Deep questions from terrement
The first paragraph encapsulates my personal frustration with that kind of rule mechanism. I acknowledge that Evil Roy Slade probably wouldn't move at exactly the same pace all the time but the wild diversity given by rolling 2D6 (or any other variant) just turns the duel of wits between players into a 'game' of pure chance - I may as well pick a card from a random pack and that is how far Roy moves. The same argument applies to the use of just dice for shooting, melee or morale, everything becomes a chance result and for me this becomes boring pretty quickly.

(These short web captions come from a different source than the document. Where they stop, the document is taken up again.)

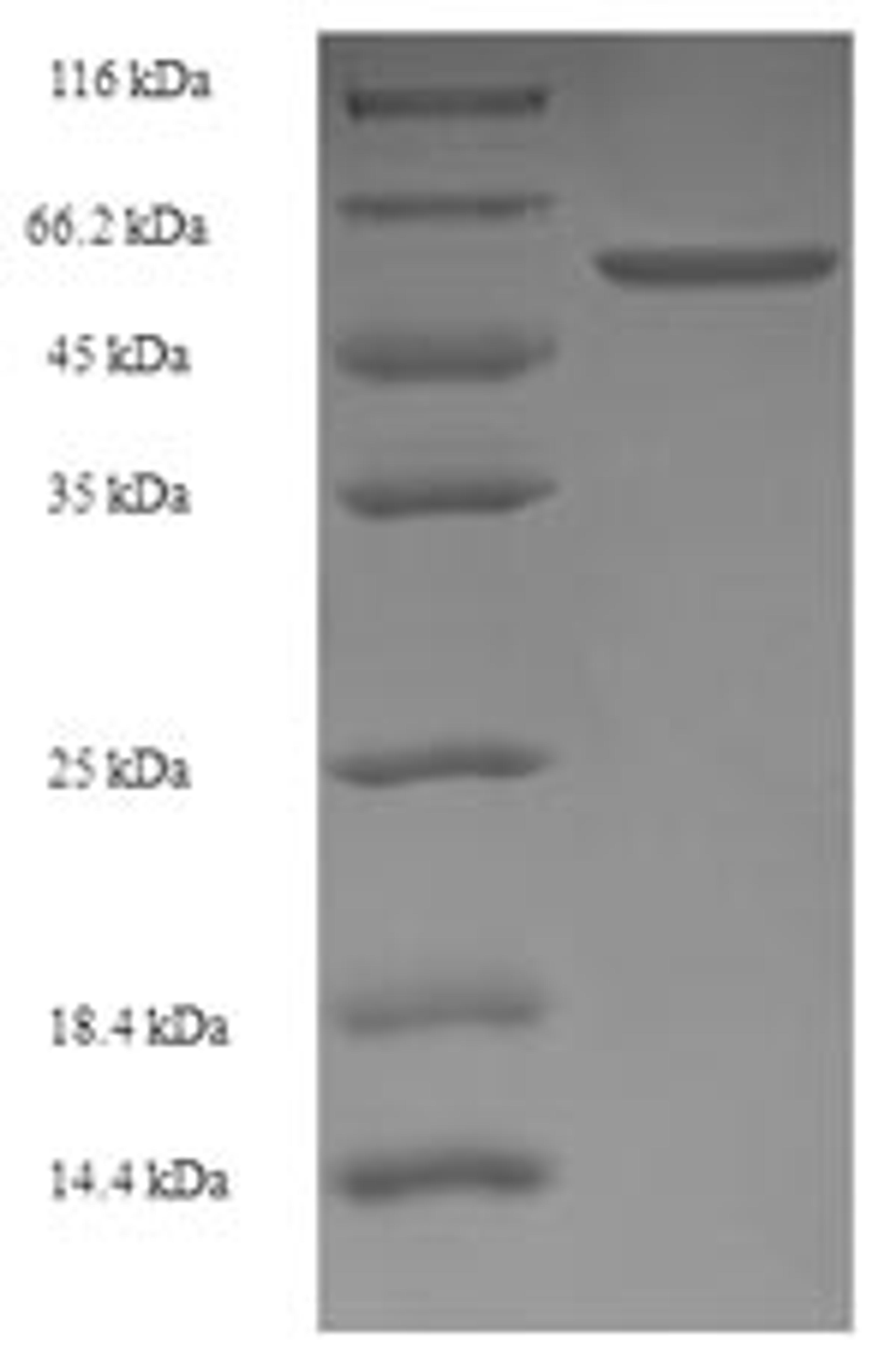 (Tris-Glycine gel) Discontinuous SDS-PAGE (reduced) with 5% enrichment gel and 15% separation gel.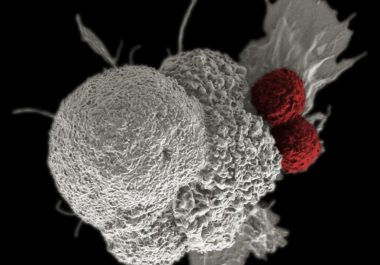 How Does Lung Cancer Evade the Immune System?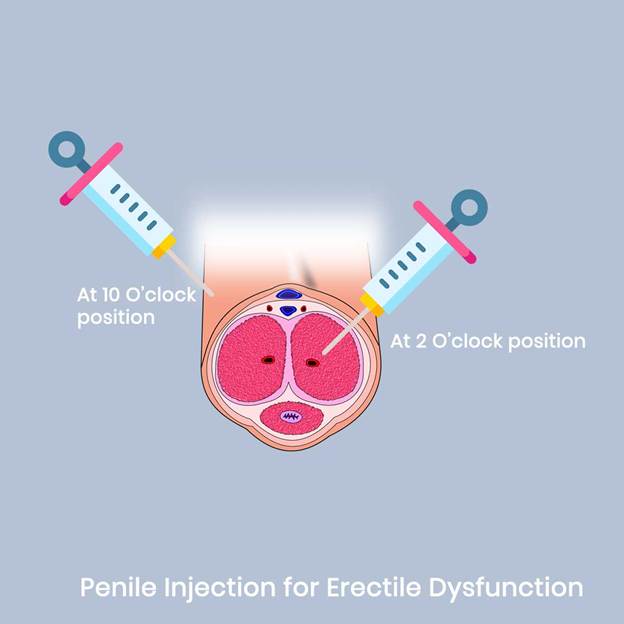 A diagram of a penile injection

AI-generated content may be incorrect.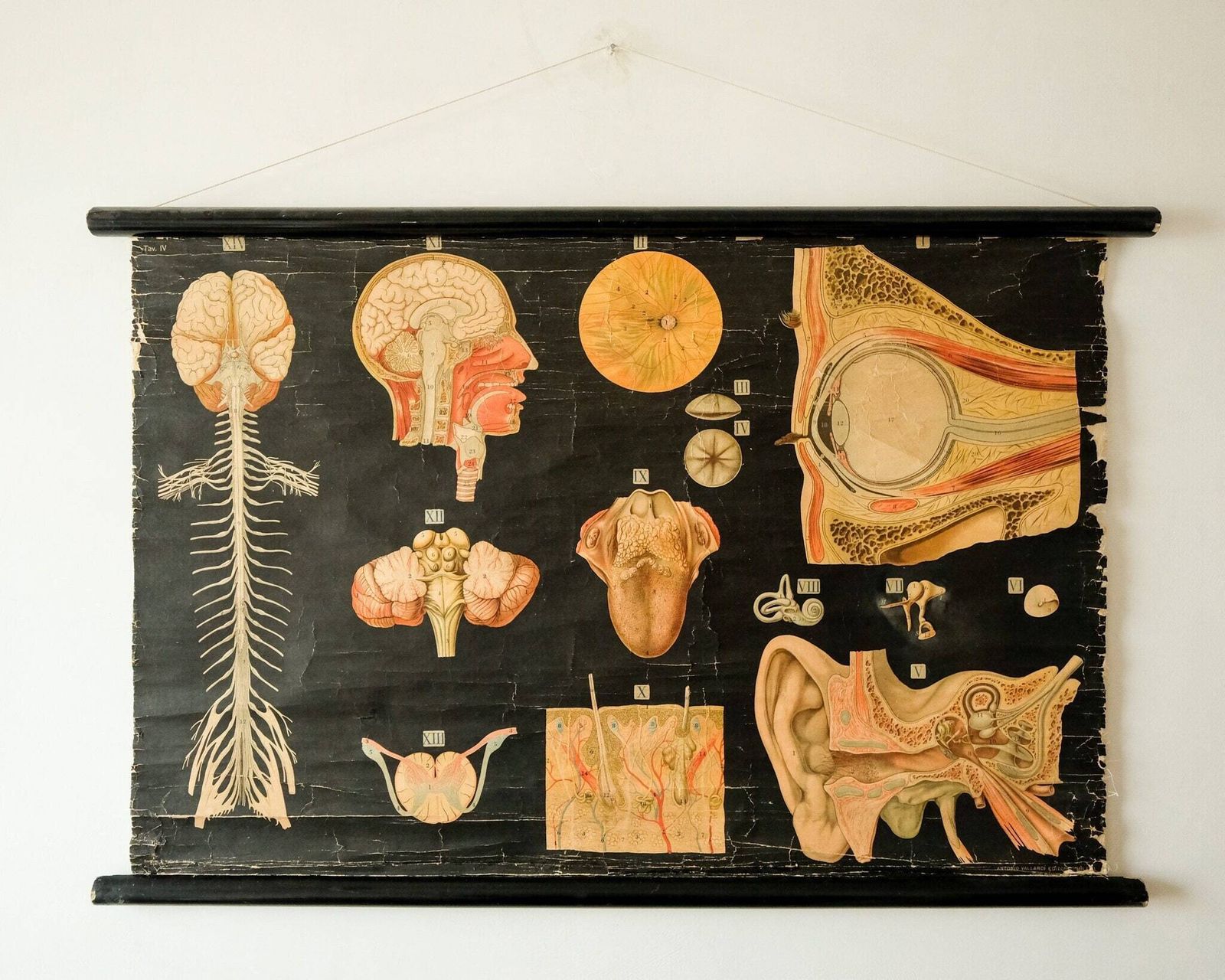 Original Anatomical Vintage Antique German Educational School Wall Chart Musculature Muscles System Skeleton Anatomy Science Beautiful Rare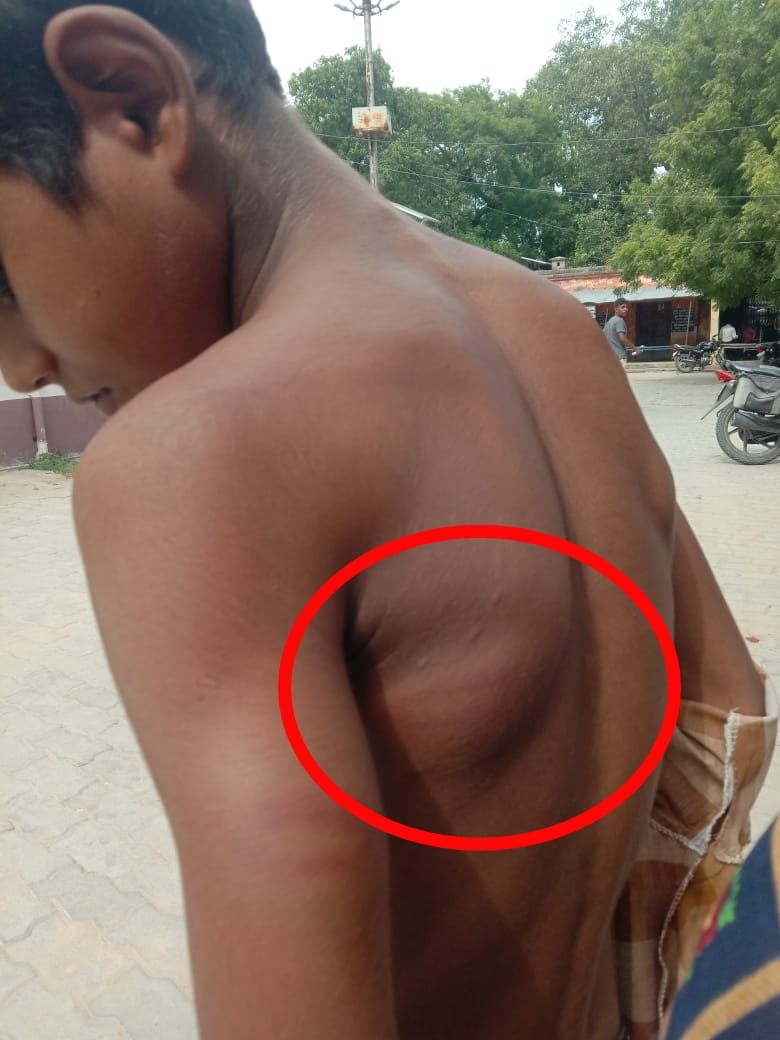 Raibareli-शिक्षक के ऊपर बंद कमरे में बच्चे पर सरिया से मारने का लगा आरोप।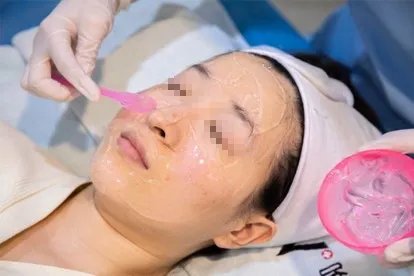 光子嫩肤过程图片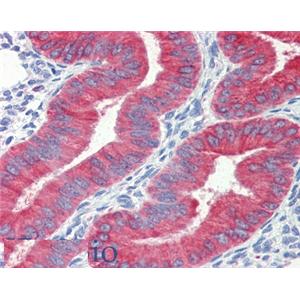 兔抗马多克隆抗体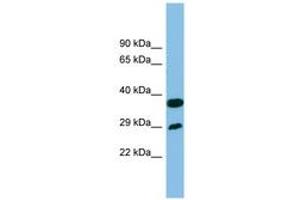 Image no. 1 for anti-Receptor (Chemosensory) Transporter Protein 4 (RTP4) (AA 107-156) antibody (ABIN6745178) (RTP4 anticorps  (AA 107-156))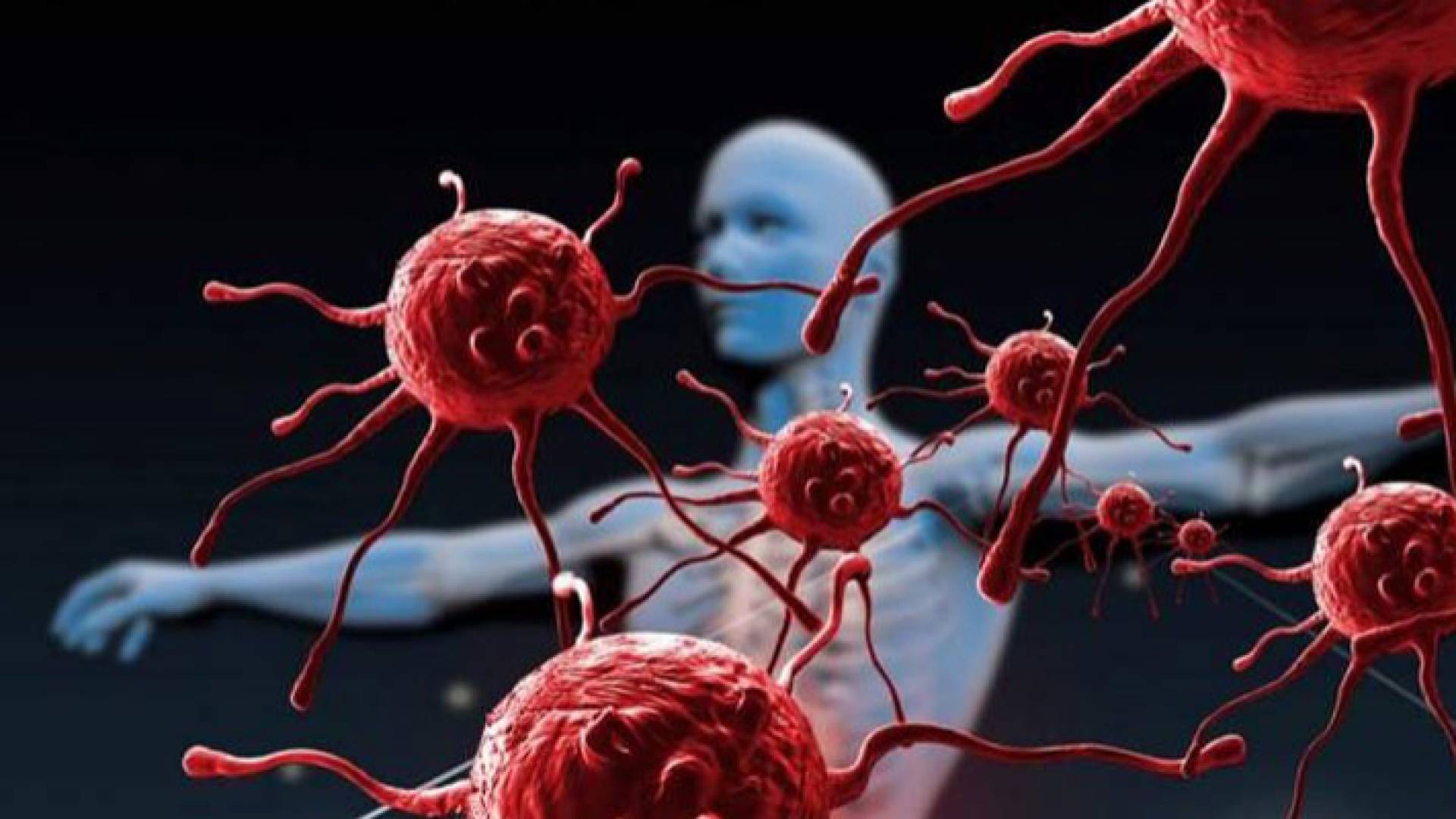 صورة تعبيرية لخلايا سرطانية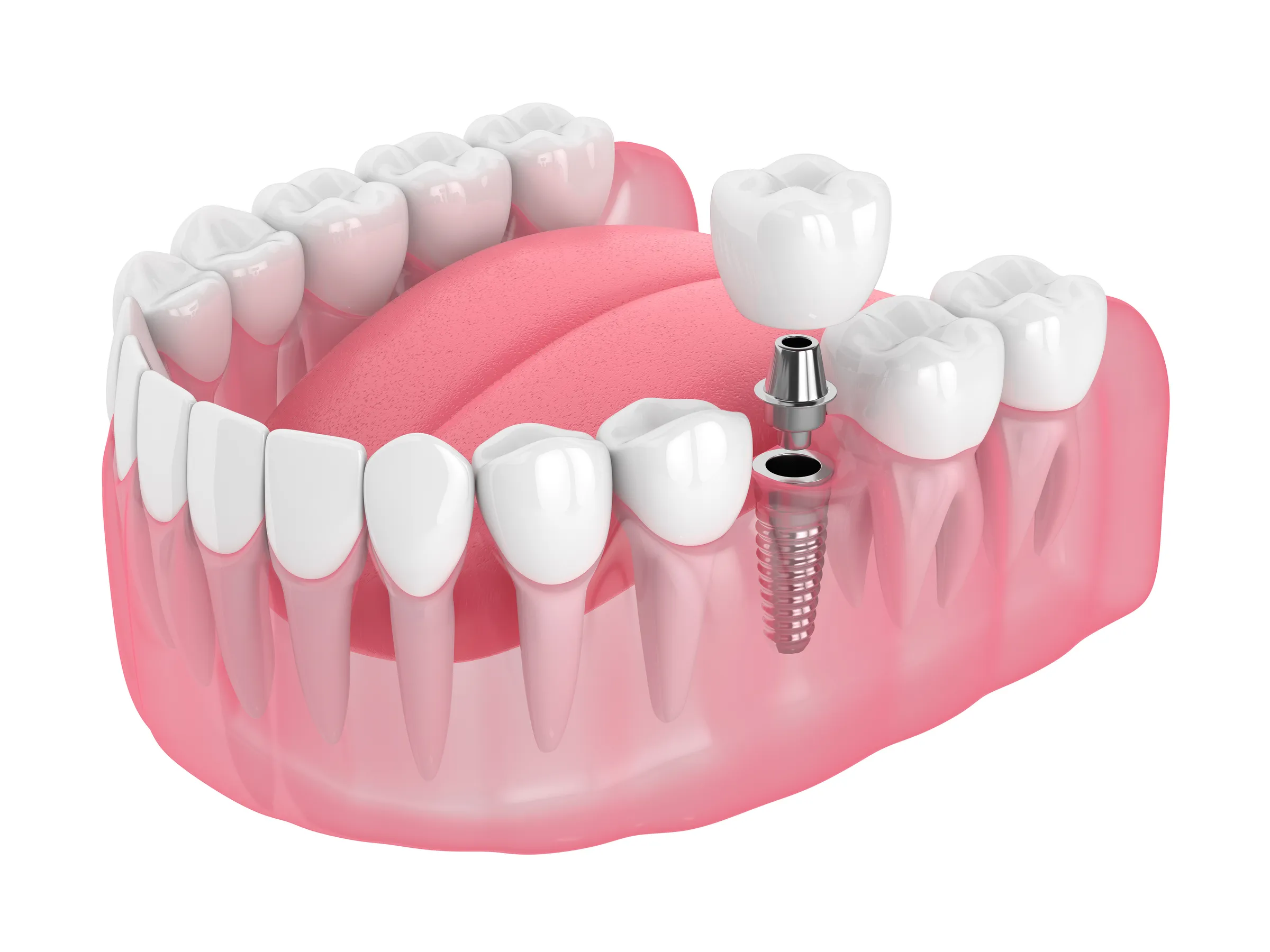 An illustration of a dental implant with a crown replacing one tooth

I absolutely acknowledge that for others it's what gaming is all about and that's fine as long as they don't dress it up as 'friction' or some other made up distinction.
In terms of running comparative games to judge a variety of rule sets within a given historical framework, life is too short
If you've been gaming for a while you pretty quickly realise whether a rule set suits your preferred style of play or not and you don't need to create a mental spreadsheet
If we take the recent process we went through, we played 2 games of Dead Mans Hand and, although it could certainly be seen as 'fun', it wasn't for us.
To close, I don't think I have ever claimed that my choice of rules is better than someone else's, I might think the rules I choose (or write) are a better representation of an historical time frame but of course that is just what I think, nothing more.